** Assigned task **
Among the entries below, one stretch runs from the line that contains "Boyd Rafanan" through the line that contains "DB TREXM Table". Repeat that stretch exactly, ends included, and only that.

** Provided entries **
┌────────
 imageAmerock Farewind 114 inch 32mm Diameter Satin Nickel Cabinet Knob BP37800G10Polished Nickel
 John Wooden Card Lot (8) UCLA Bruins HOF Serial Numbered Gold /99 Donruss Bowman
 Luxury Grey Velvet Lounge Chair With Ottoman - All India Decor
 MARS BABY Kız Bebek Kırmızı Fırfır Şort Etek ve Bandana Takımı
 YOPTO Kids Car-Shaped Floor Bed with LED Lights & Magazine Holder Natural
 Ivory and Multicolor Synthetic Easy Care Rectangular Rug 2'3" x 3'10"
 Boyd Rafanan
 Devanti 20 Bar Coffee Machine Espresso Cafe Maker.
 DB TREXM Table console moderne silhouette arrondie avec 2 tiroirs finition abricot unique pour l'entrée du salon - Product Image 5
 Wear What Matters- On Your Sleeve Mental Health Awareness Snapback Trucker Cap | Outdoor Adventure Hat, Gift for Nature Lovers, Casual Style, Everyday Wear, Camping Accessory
└────────
┌────────
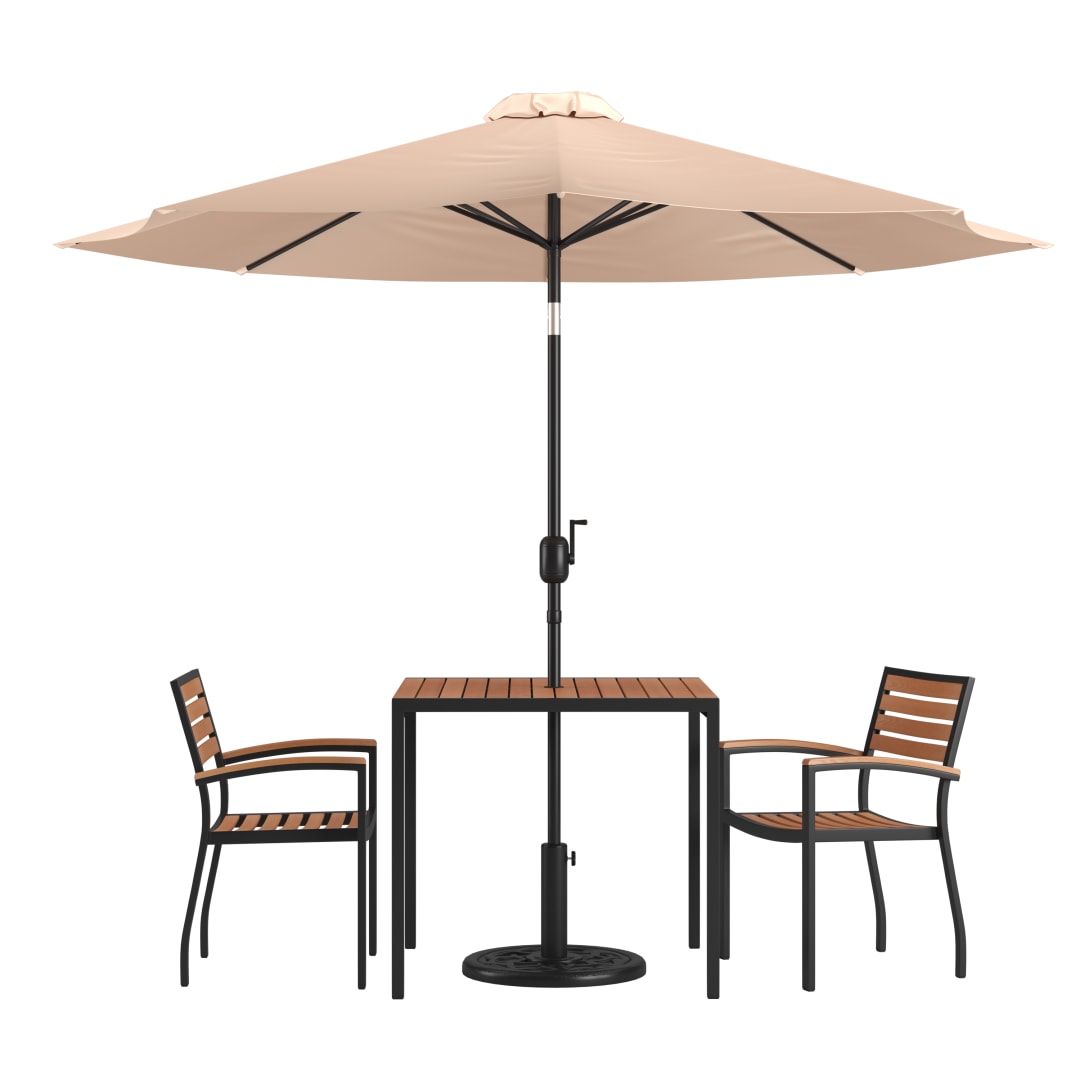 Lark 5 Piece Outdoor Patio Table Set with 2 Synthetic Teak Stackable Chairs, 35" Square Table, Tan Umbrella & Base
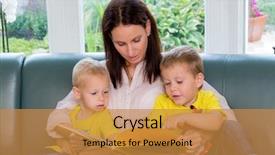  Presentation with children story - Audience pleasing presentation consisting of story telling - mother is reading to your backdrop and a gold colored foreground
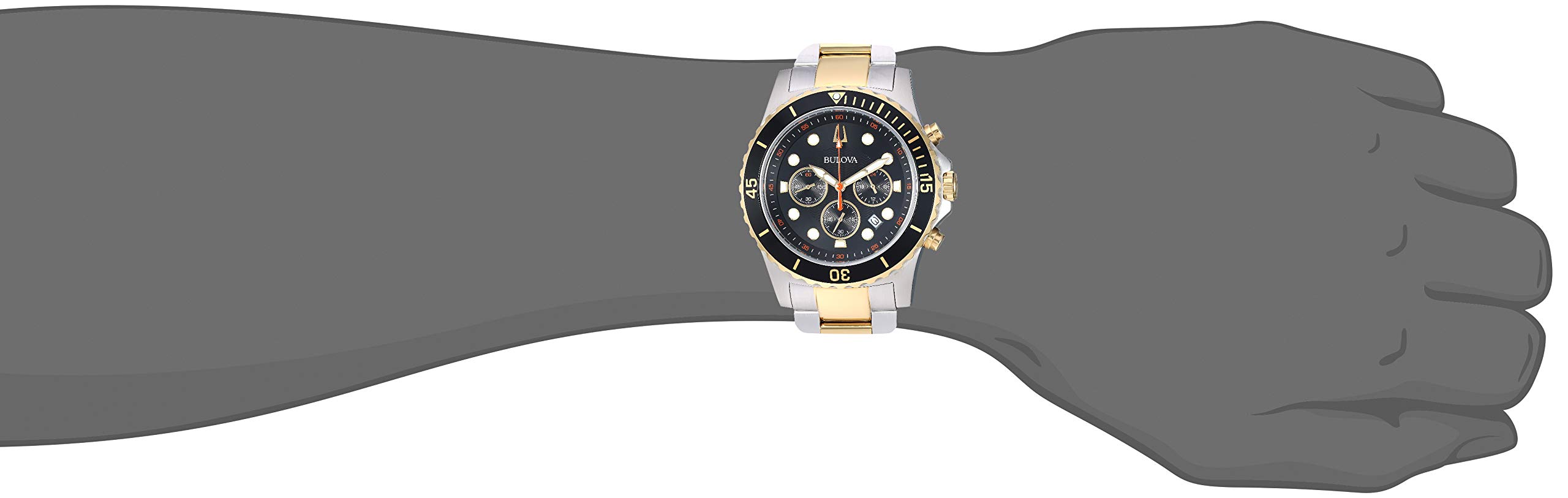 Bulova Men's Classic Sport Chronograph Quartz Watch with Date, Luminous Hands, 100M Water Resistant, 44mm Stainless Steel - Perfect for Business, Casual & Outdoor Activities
└────────
┌────────
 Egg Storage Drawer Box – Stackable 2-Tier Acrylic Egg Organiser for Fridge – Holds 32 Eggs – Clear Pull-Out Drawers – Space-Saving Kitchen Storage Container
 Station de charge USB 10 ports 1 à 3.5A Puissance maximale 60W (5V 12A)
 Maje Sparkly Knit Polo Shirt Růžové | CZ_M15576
└────────
** Exercise output **
 Boyd Rafanan
 Devanti 20 Bar Coffee Machine Espresso Cafe Maker.
 DB TREXM Table console moderne silhouette arrondie avec 2 tiroirs finition abricot unique pour l'entrée du salon - Product Image 5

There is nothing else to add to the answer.